Project Description
European Travellers to Wales project awarded follow-on funding

The project team – Dr Rita Singer, Professor Carol Tully, Dr Heather Williams, Scott Lloyd and Susan Fielding
The European Travellers to Wales research project, for which the University of Wales Centre for Advanced Welsh and Celtic Studies (CAWCS) was a collaborating partner, has received follow-on funding for impact and engagement from the Arts and Humanities Research Council (AHRC).
Led by Bangor University, the continuing project will be a collaboration between Bangor and CAWCS, working alongside the Royal Commission on the Ancient and Historical Monuments of Wales and Visit Wales, and began on the 1st of June 2017.
European tourists visiting Wales will be able to read historical accounts of visits to Wales through the ages via a new portal to be completed next year. With tourism from Britain and Europe contributing to £5.1 billion annually to the Welsh economy, a figure which is expected to grow, the portal will be a valuable resource for Visit Wales’ in promoting Wales’ landscape, history and culture.
This project will build on the work undertaken from 2013 to 2017 on the European Travellers to Wales 1750-2010 project, a collaboration between researchers in Modern Languages based at Bangor University, Swansea University and CAWCS and their partners at the National Library of Wales and within the museum sector in Wales.

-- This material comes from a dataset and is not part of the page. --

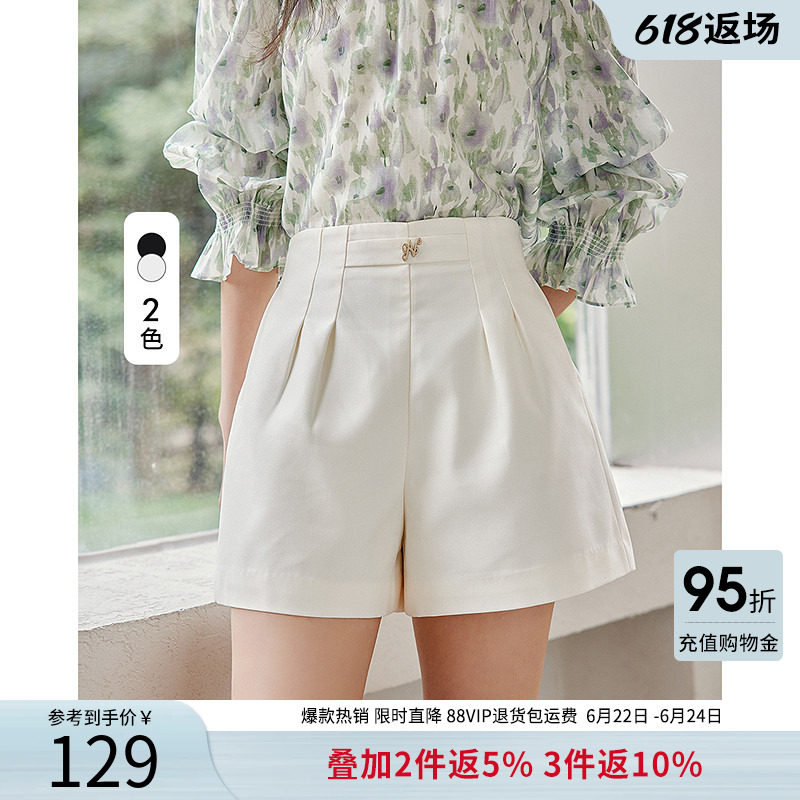 衣香丽影【断码福利】褶裥短裤女夏装高腰显瘦短款休闲直筒裤子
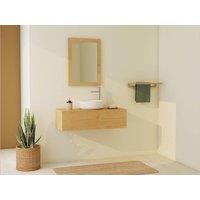 Vente-unique Wall-Mounted Bathroom Vanity Unit In Mindi Wood With Round Ceramic in Light Oak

Broadly speaking, the original project set out to explore the responses in travel writing of European travellers coming to Wales over a period of nearly three centuries. The research uncovered travellers’ responses to Wales as a peripheral, at times unexpected nation with a culture often little known in the European context.
Underpinning the project was the creation of a searchable open access database of accounts of travel which now contains over 400 entries.

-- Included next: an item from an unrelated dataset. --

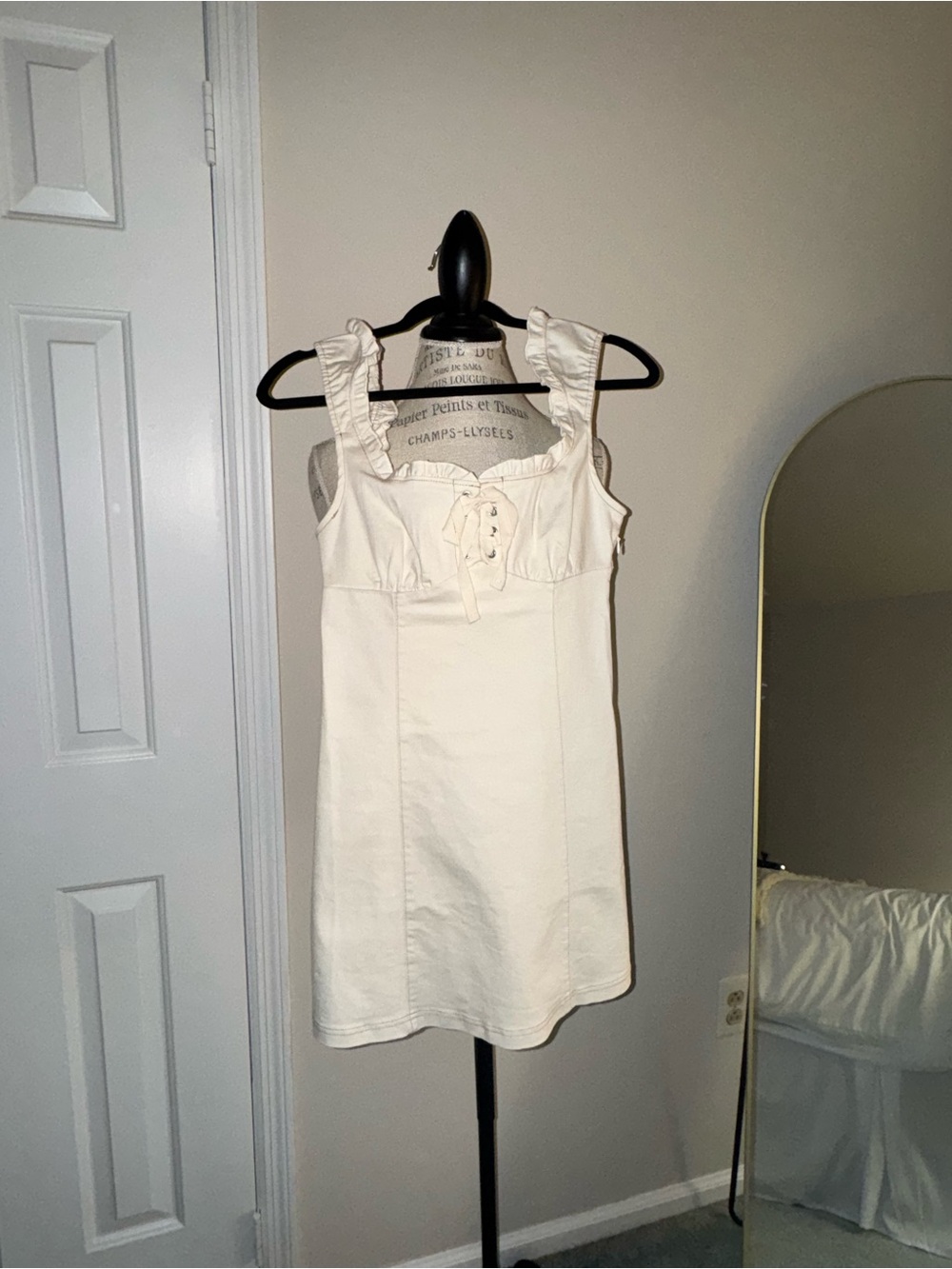 Urban Outfitters Cream Ruffle Lace-Up Mini Dress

“We’ve found previously unstudied accounts providing insights into how others have viewed Wales,” said Professor Carol Tully, who is leading the project from Bangor University’s School of Modern Languages & Cultures. “Some of the writing is in diaries or letters, and many were not intended for publication. The breadth of the topics discussed shows a long-standing interest in Wales. Not all the visitors were tourists in the modern sense, some were refugees or on business, but they all provide insights into Wales by visitors from other European nations,” she added.
This follow-on project aims to exploit the material held in this database by working with the Royal Commission on the Ancient and Historical Monuments of Wales and Visit Wales to help to promote Wales, its history, cultural heritage and landscape more widely to national and international audiences by developing an interactive mobile-friendly website that allows users, primarily but not exclusively from German and French-speaking Europe, to create themed travel routes through Wales and to access historical, site-specific material that interprets individual locations from the perspective of travellers through time – in particular the eighteenth and nineteenth centuries.

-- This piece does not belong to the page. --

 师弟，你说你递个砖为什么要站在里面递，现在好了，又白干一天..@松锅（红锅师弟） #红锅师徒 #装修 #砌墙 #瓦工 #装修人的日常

Speaking about the opportunities this follow-on funding will create, the Director of CAWCS, Professor Dafydd Johnston said:
“We are delighted to have this opportunity to extend our collaboration with Bangor University and draw on the expertise of the Royal Commission in order to apply the findings of our research to enrich contemporary travellers’ experience of Wales.”
The interactive website will make this newly recovered historical material available to new, general audiences in a way which will have a positive impact on tourist activity in Wales, contributing to one of the most important elements of the Welsh economy and targeting one of the key markets identified by Visit Wales. The development of this new website will exploit the unexpected quality and quantity of previously unknown or forgotten material dating to the eighteenth and nineteenth centuries which has been uncovered during the main research undertaken for the European Travellers to Wales project and which is now surfaced in the database.
The material in question covers a period of great change in the landscape, culture and heritage of Wales and modern-day visitors will be able to ‘experience’ those changes through the eyes of their travelling predecessors, thus opening up a unique view of Wales to a new generation of travellers from Europe, but also casting a new light on the perception of Wales over time for visitors from the United Kingdom and other parts of the world. This will be made possible through the collation of existing digital materials and the development, using the expertise of the Royal Commission team, of new digital resources consisting of historical visual material, digital visualisation and reconstructions, panotours of gigapixel photography and Virtual Reality experiences. Downloadable materials will also be made available.
The website will be hosted by Bangor University and promoted globally via the various platforms operated by Visit Wales.